È l’unica necropoli fenicia dell’isola rinvenuta in perfetto stato di conservazione e studiata con moderne metodologie. Le analisi antropologiche stanno svelando le origini e la mobilità degli antichi abitanti. Sette secoli di evoluzione: dalle prime tombe a incinerazione in piccoli pozzetti (fine IX secolo a.C.) fino alle grandi camere funerarie ipogee dell’età punica.

Gli scavi hanno restituito corredi intatti (ceramiche, metalli e vetri). Il pezzo più celebre e prestigioso è un raffinato balsamario orientale in faïence a forma di babbuino (fine VII sec. a.C.) che regge un vaso egizio sormontato da una ranocchia. I reperti dello scavo sono oggi custoditi ed esposti presso il museo civico “Giovanni Patroni” di Pula.

La ricerca diventa accessibile: il progetto.

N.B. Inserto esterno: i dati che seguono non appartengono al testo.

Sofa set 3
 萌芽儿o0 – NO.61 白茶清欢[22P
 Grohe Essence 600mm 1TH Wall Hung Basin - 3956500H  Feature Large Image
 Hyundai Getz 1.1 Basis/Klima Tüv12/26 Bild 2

Questo traguardo è parte integrante del progetto “Nora4All” (Bando Unipd Unimpresa 2022) con cui il @dbc.unipd, in sinergia con il Comune di Pula, punta a trasferire la conoscenza archeologica al pubblico attraverso la futura apertura di nuovi settori di età romana e l’uso di tecnologie innovative (ricostruzioni 3D e realtà virtuale su dispositivi mobili) per offrire ai circa 80mila visitatori annuali: un’esperienza di visita immersiva e ad alto valore scientifico.

Il lavoro continua: dal 31 agosto al 9 ottobre 2026 i ricercatori e studenti dell’università di Padova torneranno sul campo per continuare a ricostruire la complessa rete di relazioni e commerci che univa Nora al resto del Mediterraneo.